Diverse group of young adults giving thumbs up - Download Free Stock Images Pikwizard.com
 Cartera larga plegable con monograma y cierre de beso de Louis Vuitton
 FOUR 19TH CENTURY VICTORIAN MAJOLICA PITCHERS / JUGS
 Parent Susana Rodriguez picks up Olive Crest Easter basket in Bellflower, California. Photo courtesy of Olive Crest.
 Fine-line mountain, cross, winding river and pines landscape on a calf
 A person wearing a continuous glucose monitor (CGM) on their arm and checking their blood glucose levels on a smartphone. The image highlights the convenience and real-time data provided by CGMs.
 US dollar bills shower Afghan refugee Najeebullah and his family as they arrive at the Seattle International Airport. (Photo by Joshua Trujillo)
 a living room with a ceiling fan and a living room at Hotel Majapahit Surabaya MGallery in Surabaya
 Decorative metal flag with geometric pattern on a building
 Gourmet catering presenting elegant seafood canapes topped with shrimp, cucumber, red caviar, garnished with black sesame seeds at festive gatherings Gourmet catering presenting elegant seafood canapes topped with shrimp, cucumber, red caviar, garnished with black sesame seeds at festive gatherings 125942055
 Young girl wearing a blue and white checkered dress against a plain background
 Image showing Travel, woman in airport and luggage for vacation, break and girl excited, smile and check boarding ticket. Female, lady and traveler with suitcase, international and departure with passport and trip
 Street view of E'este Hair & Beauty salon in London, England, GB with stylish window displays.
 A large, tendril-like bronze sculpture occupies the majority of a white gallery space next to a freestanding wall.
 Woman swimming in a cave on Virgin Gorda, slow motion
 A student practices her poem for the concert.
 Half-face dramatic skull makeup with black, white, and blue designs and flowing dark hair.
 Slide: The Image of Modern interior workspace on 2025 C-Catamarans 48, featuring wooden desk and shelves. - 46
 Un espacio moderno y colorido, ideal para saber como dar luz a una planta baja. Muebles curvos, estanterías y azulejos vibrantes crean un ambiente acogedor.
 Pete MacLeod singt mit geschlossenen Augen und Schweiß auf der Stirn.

--

__Task details__: Copy every entry exactly, leaving nothing out.

__Exercise result__:
Diverse group of young adults giving thumbs up - Download Free Stock Images Pikwizard.com
 Cartera larga plegable con monograma y cierre de beso de Louis Vuitton
 FOUR 19TH CENTURY VICTORIAN MAJOLICA PITCHERS / JUGS
 Parent Susana Rodriguez picks up Olive Crest Easter basket in Bellflower, California. Photo courtesy of Olive Crest.
 Fine-line mountain, cross, winding river and pines landscape on a calf
 A person wearing a continuous glucose monitor (CGM) on their arm and checking their blood glucose levels on a smartphone. The image highlights the convenience and real-time data provided by CGMs.
 US dollar bills shower Afghan refugee Najeebullah and his family as they arrive at the Seattle International Airport. (Photo by Joshua Trujillo)
 a living room with a ceiling fan and a living room at Hotel Majapahit Surabaya MGallery in Surabaya
 Decorative metal flag with geometric pattern on a building
 Gourmet catering presenting elegant seafood canapes topped with shrimp, cucumber, red caviar, garnished with black sesame seeds at festive gatherings Gourmet catering presenting elegant seafood canapes topped with shrimp, cucumber, red caviar, garnished with black sesame seeds at festive gatherings 125942055
 Young girl wearing a blue and white checkered dress against a plain background
 Image showing Travel, woman in airport and luggage for vacation, break and girl excited, smile and check boarding ticket. Female, lady and traveler with suitcase, international and departure with passport and trip
 Street view of E'este Hair & Beauty salon in London, England, GB with stylish window displays.
 A large, tendril-like bronze sculpture occupies the majority of a white gallery space next to a freestanding wall.
 Woman swimming in a cave on Virgin Gorda, slow motion
 A student practices her poem for the concert.
 Half-face dramatic skull makeup with black, white, and blue designs and flowing dark hair.
 Slide: The Image of Modern interior workspace on 2025 C-Catamarans 48, featuring wooden desk and shelves. - 46
 Un espacio moderno y colorido, ideal para saber como dar luz a una planta baja. Muebles curvos, estanterías y azulejos vibrantes crean un ambiente acogedor.
 Pete MacLeod singt mit geschlossenen Augen und Schweiß auf der Stirn.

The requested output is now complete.